I have felt connected to the Guignol Theatre and the University of Kentucky Theatre Department in some way since my junior year at Bryan Station High School.

My high school English teacher arranged for our class to have access to discounted tickets to UK’s production of Shakespeare’s Twelfth Night. Jill Geiger played a major role in that production. Jill went on to perform with and later own The Dorset Playhouse in Vermont. She was a successful person. (Side note; Jill’s bridge-playing was precise but conservative. Bridge was our time-killer of choice in the Green Room — I learned a good bit of acting while playing bridge with other actors).

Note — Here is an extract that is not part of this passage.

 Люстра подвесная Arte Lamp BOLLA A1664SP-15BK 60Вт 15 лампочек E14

The day before we attended the show, my teacher gave us instructions on how we were to behave in “The Guignol”. The quotation marks come from my remembrance of my teacher’s obvious reverence for this Temple of the Arts we were entering.
How quaint.
How helpful for me.
I wore my clip-on tie (my fellow Guignolite and playwright/screenwriter Charles Edward Pogue – a successful person – was not to teach me to tie a proper knot for another five years – how absolutely helpful for me). I applauded at all the proper places, and was profoundly impressed by the show. So much so that I attended (on my own this time) UK’s next production in the Guignol of Richard Brinsley Sheridan’s The Rivals. Bekki Jo Schneider (friend, mentor, and ex-sister-in-law) played a major role in that show. She became the owner/operator/director of Derby Dinner Playhouse in Southern Indiana – a successful person. (Bekki Jo’s bridge-playing was aggressive but distracted).

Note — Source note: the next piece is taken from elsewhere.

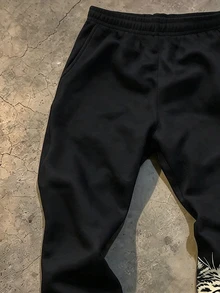 Manfinity Dauomo Men's American Dark Gothic Skull Hugging Cat Print Sweatpants, Elastic Waist Draped Casual Long Pants - Multicolor - View 3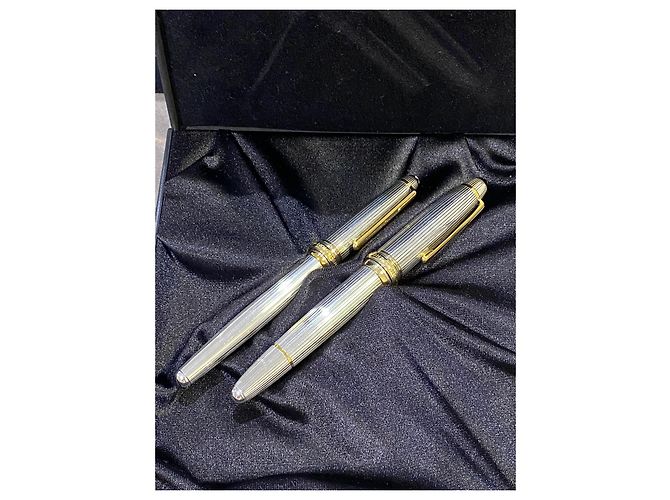 Set Montblanc meisterstuck Hochzeitsedition mit massiven Goldringen Silber Hardware Gold hardware - Ansicht 6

The next year, my senior year in high school, I attended Dark of the Moon in the Guignol and Under Milkwood in the Laboratory Theater which is now named the Briggs Theater (Wally Briggs spent his adult life teaching theatre to UK students. Yes, he too was a successful person – Wally’s bridge-playing, by the way, was ultra, ultra conservative). Dark of the Moon featured Julieanne Pogue. Julieanne has gone on to a strong regional acting career, become an award-winning reader of books for the blind, and an uber-caring psychologist. Julianne is another successful person. Her bridge-playing? It was occasionally brilliant when she bothered.

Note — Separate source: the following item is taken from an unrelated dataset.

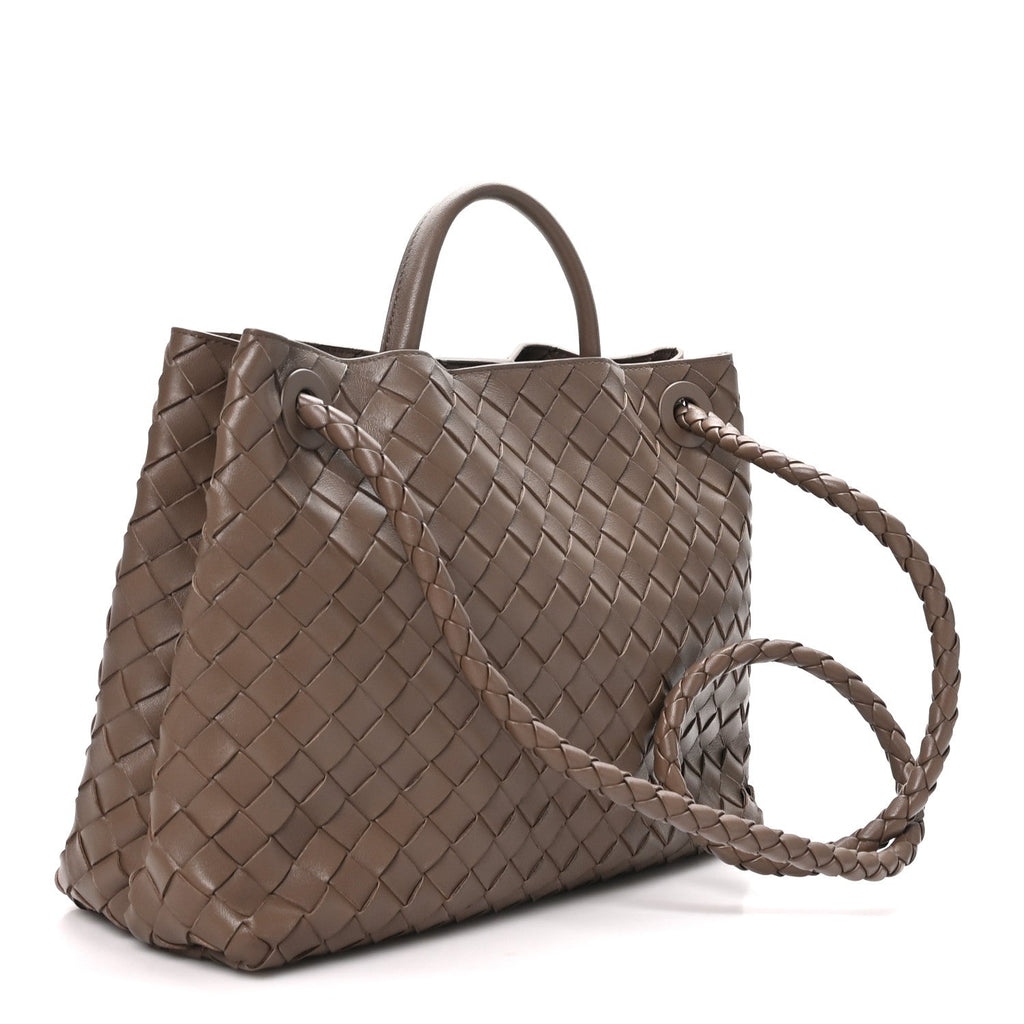 Bottega Veneta Nappa Intrecciato Medium Andiamo Shoulder Bag Taupe Grey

Both of these shows also featured a freshman in leading roles which explains why I attended UK to study theatre. Where else could I possibly want to go? UK offered an immediate opportunity to act…..in major productions…..in real costumes…..on beautiful and exciting sets…..in front of real audiences.
Real audiences…
I remember those audiences as being drawn from all of Lexington. John Jacob Niles (another successful person and a legend to me — if you don’t know him, look him up, you’ll be intrigued) sat in the middle of the first row every opening night I can remember. Teachers from all the Lexington schools were there. Mary Agnes Barnes reviewed for the Lexington Herald. John Alexander reviewed for the Lexington Leader. Betty Waren wrote a theater page for the Herald every Sunday. The Theatre Department faculty was there…usually multiple nights. One memorable Sunday matinee was attended by José Ferrer (he was successful too).
I attended UK for two and half years, performed in seventeen shows, and became an adult; a thinking, listening, caring, evaluating, listening, tax-paying, voting, listening adult.
The arts do that for you.
They make you whole.
They make you reason.
They make you listen…with all your senses…and with your mind…and with your heart.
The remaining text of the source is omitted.